Opaski dla pracowników to żadna sensacja, a ułatwienie pracy – przekonuje rzeczniczka Amazona w Polsce. Ale eksperci wskazują, że to nie pierwsze informacje o „niepokojących środkach kontroli" w firmie.
- Spekulacje medialne na temat tego patentu wprowadzają w błąd – pisze w odpowiedzi do money.pl Marzena Więckowska, rzeczniczka Amazona w Polsce. Chodzi o opatentowanie przez amerykańskiego giganta opaski elektronicznej. Za pomocą ultradźwięków będzie ona podawać dokładną lokalizację pracowników. Z kolei impulsy elektryczne przez wibracje będą wskazywać pracownikom drogę do odpowiedniej półki. Wszystko w celu „optymalizacji pracy”, czyli jeszcze szybszej obsługi w magazynach korporacji. Jednocześnie jednak urządzenie może śledzić pracownika przez cały czas jego pracy i podawać np. czas spędzony w toalecie.

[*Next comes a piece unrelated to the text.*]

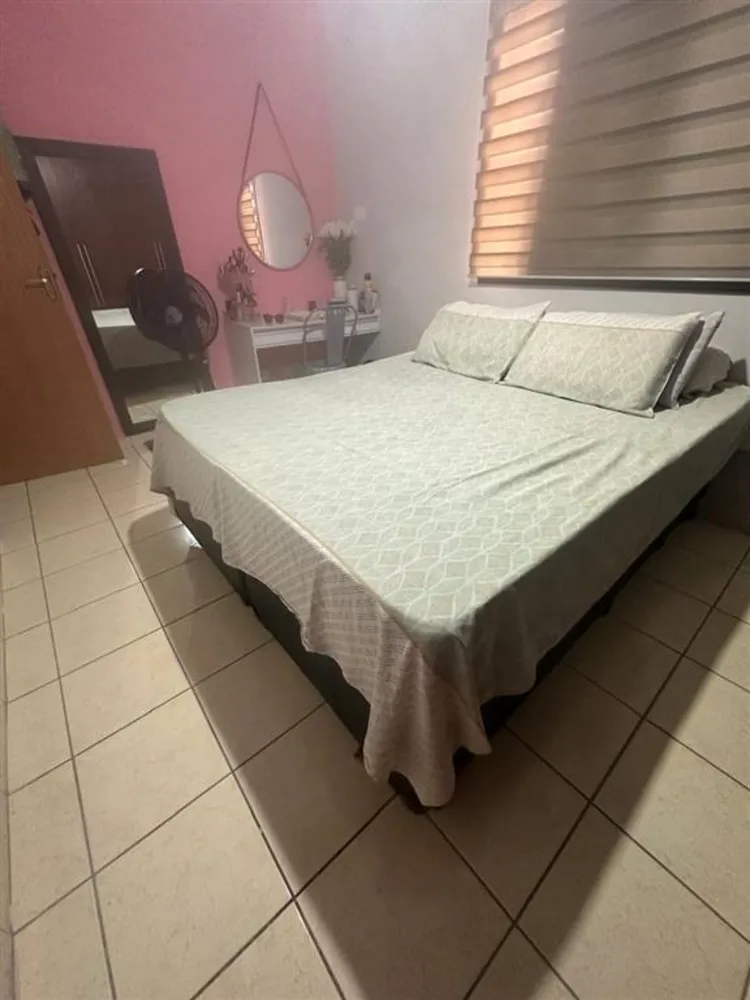 Apartamento, 1 quarto, 38 m² - Foto 4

- Każdego dnia w firmach na całym świecie pracownicy używają skanerów ręcznych do sprawdzenia stanu magazynowego, czy realizacji zamówień. Nasz pomysł, jeśli zostanie wdrożony w przyszłości, usprawni proces i zwiększy komfort pracy. Przenosząc skaner na nadgarstek, pracownik nie musiałby trzymać w ręku urządzenia i patrzeć w jego ekran – podkreśla Więckowska.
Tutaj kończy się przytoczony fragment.